By Kelsey Archer Barnhill
The participants for Leg 1 have now boarded the Sarmiento de Gamboa!
This morning we welcomed the new science team on board the ship in Las Palmas, Gran Canaria. I was quite envious to see their luggage lifted up to the ship via crane. I certainly could have used that when I lugged my 30 kilo suitcase onto the vessel in Vigo!
It was great to see everyone in person and meet our new colleagues. There were also some on board reunions as one of my PhD supervisors Murray Roberts and my friend and fellow PhD student Daniëlle De Jonge joined the expedition. Bea and I helped show people to their rooms and pointed them in the right direction. It definitely took us a few days, but we now know the ship very well!
As the back deck can be very noisy as we sail, I took advantage of the relative quiet on board and recorded some video explainers about the equipment on board. Shortly there will be videos available explaining the Autosub6000 – featuring NOC’s AUV Operation Team’s Engineering Manager Daniel Roper – and the three types of benthic landers – featuring iAtlantic Fellow and Heriot-Watt University PhD student Daniëlle De Jonge.
Bea, the ROV pilots and I had the morning to ourselves as the new participants gathered in the dining room to watch the safety briefing video. After the briefing, they also got the chance to don the immersion suits and life vests. It wasn’t too long after the lights on everyone’s life vests had been checked that we prepared to set sail. Everyone takes the final moments before entering the high seas to take advantage of cell service for the last time and calls their friends or family. I took the time to call my parents back home in San Diego, who were happy to hear from me despite it being before 7:00 AM their time! There is a phone on the ship that we are able to use to call internationally, but as this is a shared phone for everyone on board it is used in moderation. I’ve only used it once with little success, but this was likely because I tried to receive a call from my partner who is on board a ship off Australia! Clear ship to ship calling from halfway across the world seems to still be beyond current technological capabilities! Our IT technician Rodger had good news for us though, as our internet capabilities have been improved for this leg of the cruise. Hopefully that will make it a bit easier for me to get these blog posts sent out!

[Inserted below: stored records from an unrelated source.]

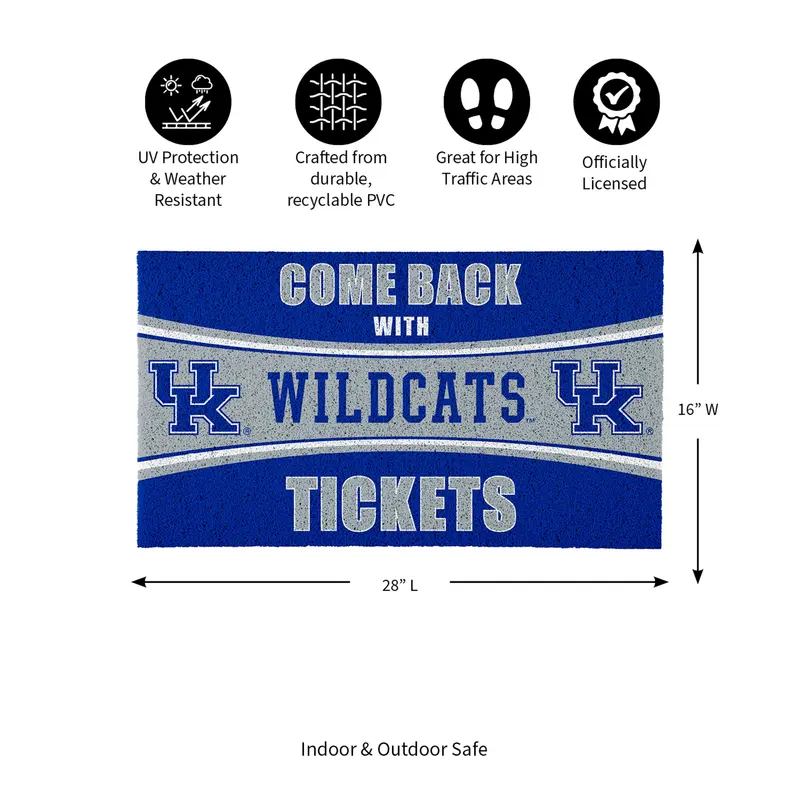 28" x 16" PVC Trapper Mat, Come Back with Tickets, University of Kentucky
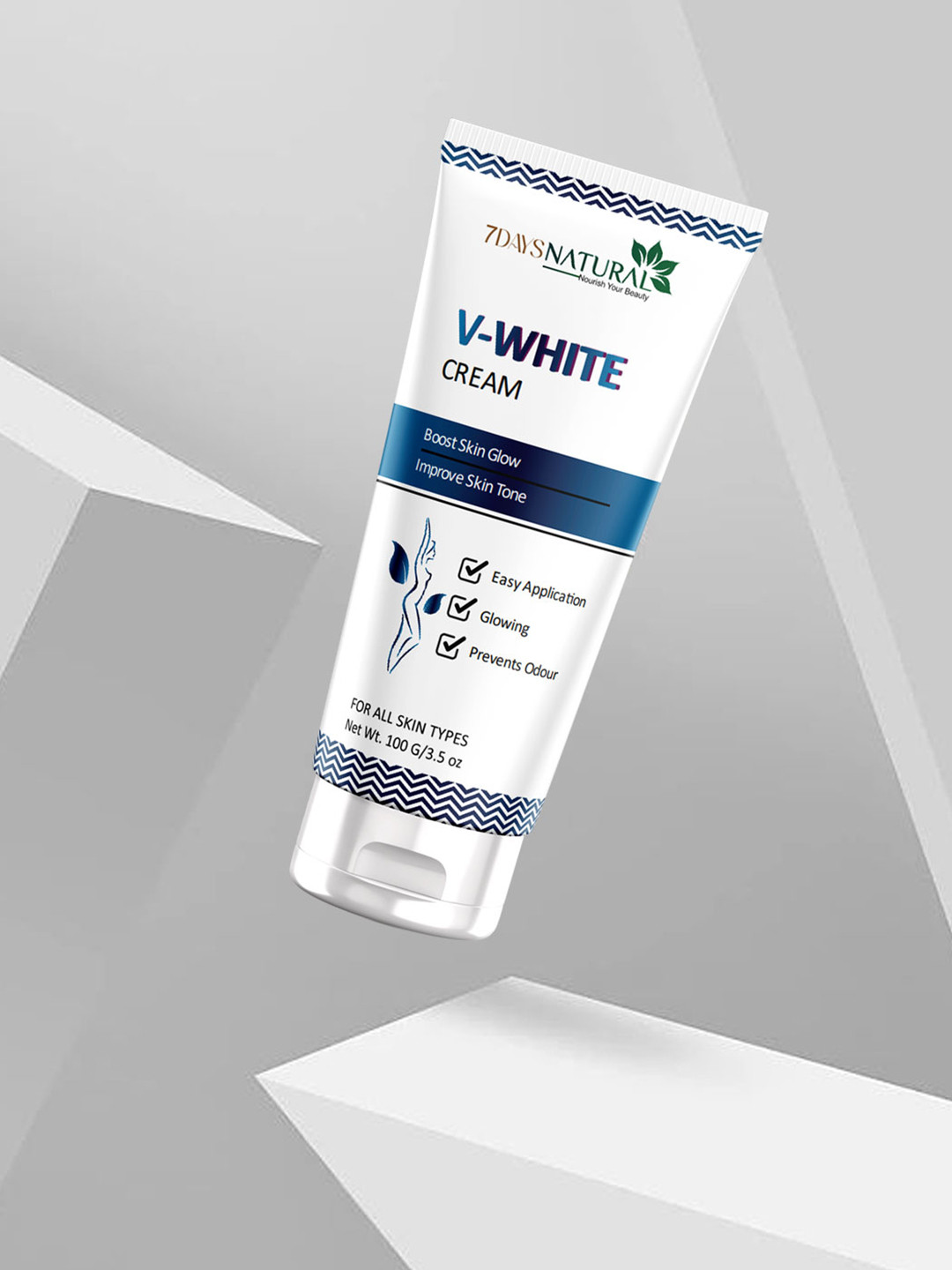 7DAYSNATURAL V-White Intimate Area Whitening & Brightening Cream For Women - 100g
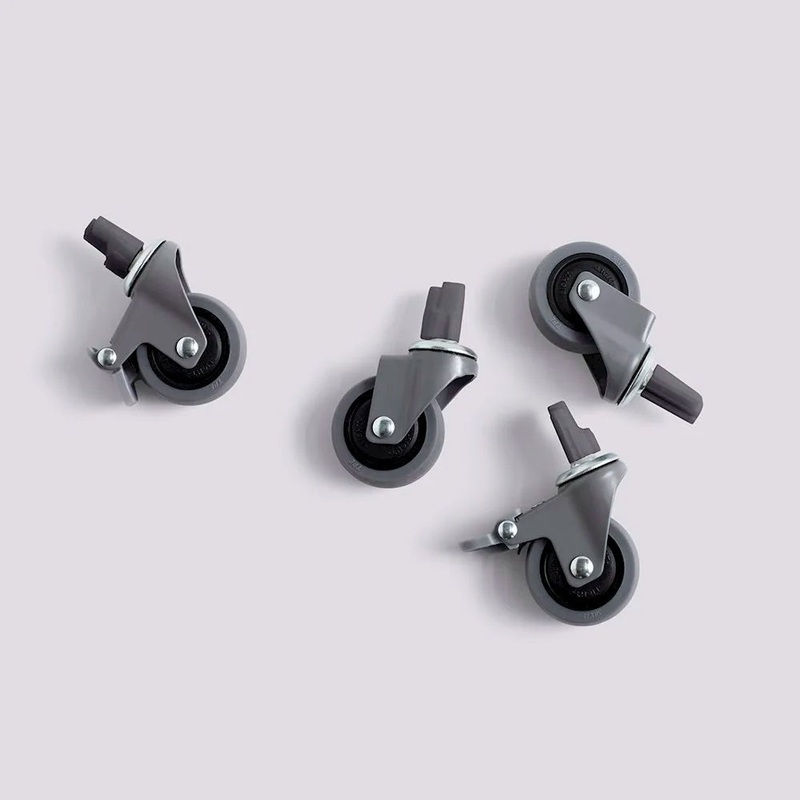 Kiste Rder 4er-Set – Grau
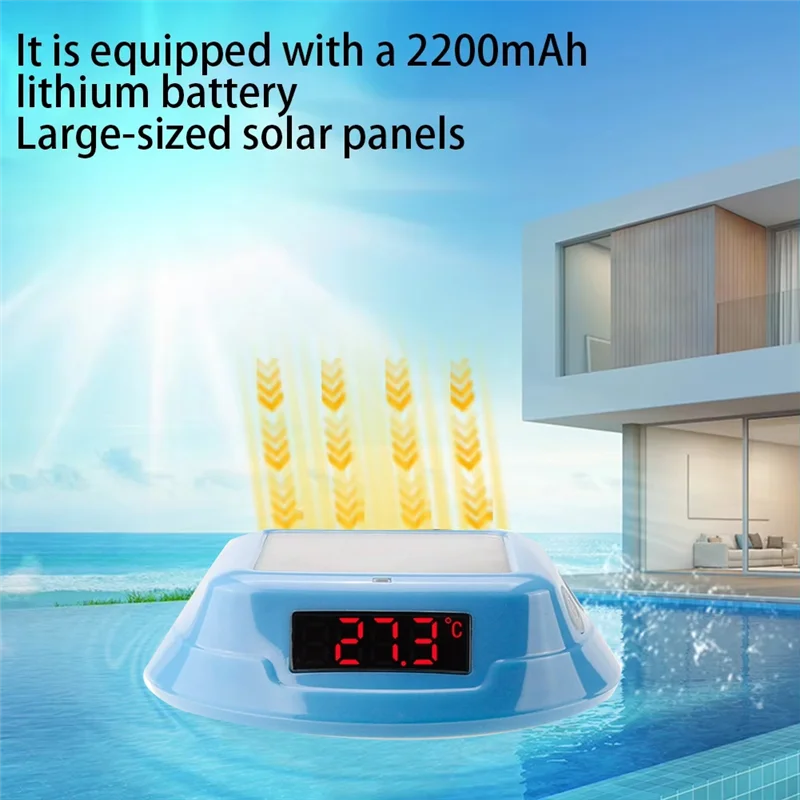 ABAH-For Floating Easy Read Large Solar Panel And LED Screen Thermometer IP68 Waterproof Thermometer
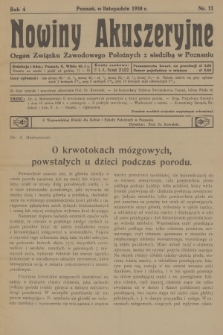 Nowiny Akuszeryjne : organ Związku Zawodowego Położnych z siedzibą w Poznaniu. R.4, 1930, nr 11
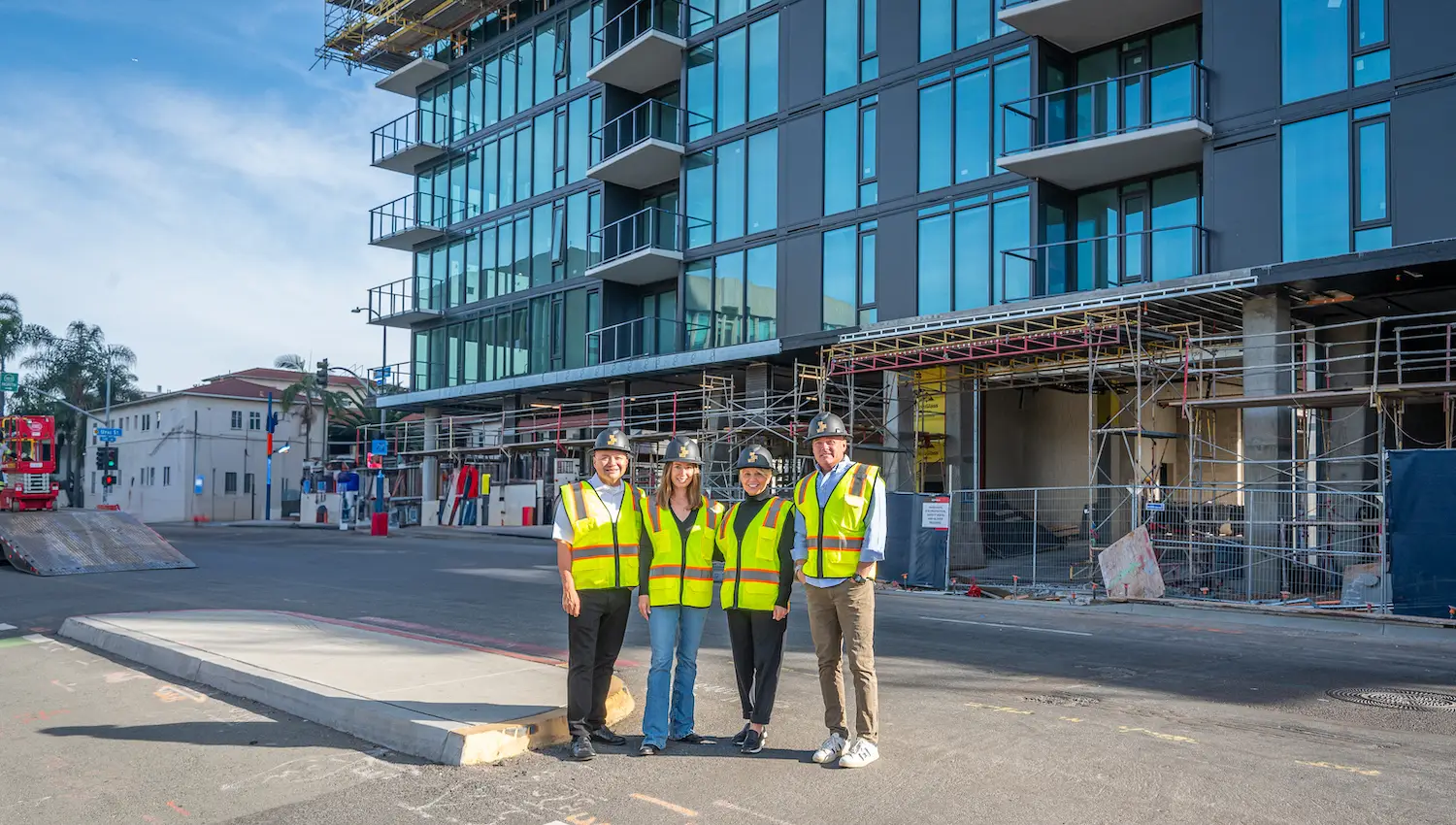 Partners of new Bankers Hill restaurant She Rode West (Victor Jimenez, Andrea Thurston, Angie Weber, and Jon Weber) in front of the new building 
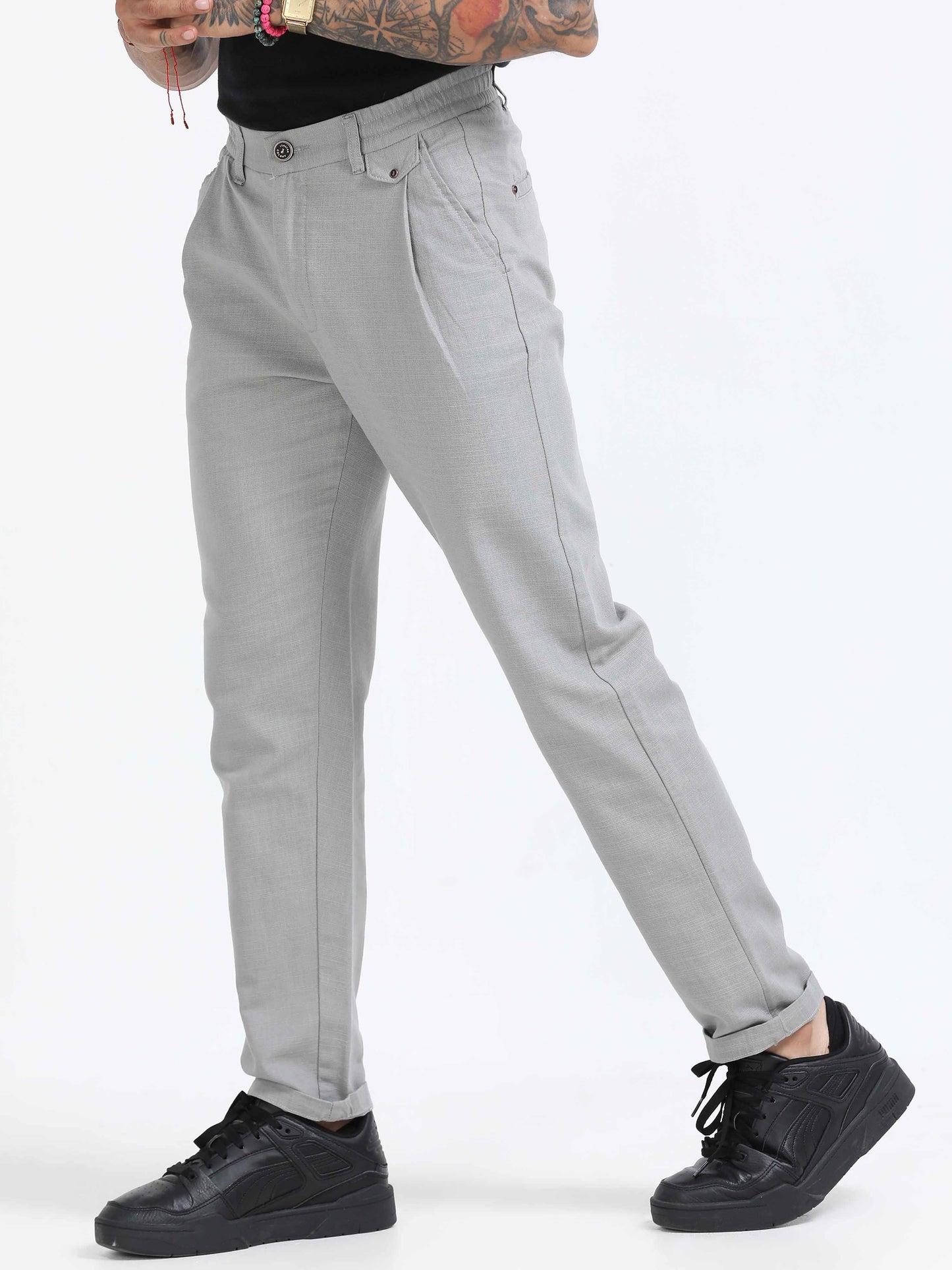 Elite Pleated Trouser - Linen Feels In Light Grey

Around 15:00 we had a pilot board the ship to get us out of the port and left Las Palmas behind quite quickly as we travelled at 8 knots. It was exciting to see the pilot make the transfer from our ship to a smaller vessel once his job on the Sarmiento de Gamboa was completed. After enjoying the view as we set sail, everyone got to work organising the lab and assembling their equipment. Now people are settling into their rooms and working on getting their sea legs. With the ROV, Autosub6000, and three different landers on deck alone, without even mentioning the multi-corer and conductivity-temperature-depth (CTD) instrument, there won’t be a dull moment on board!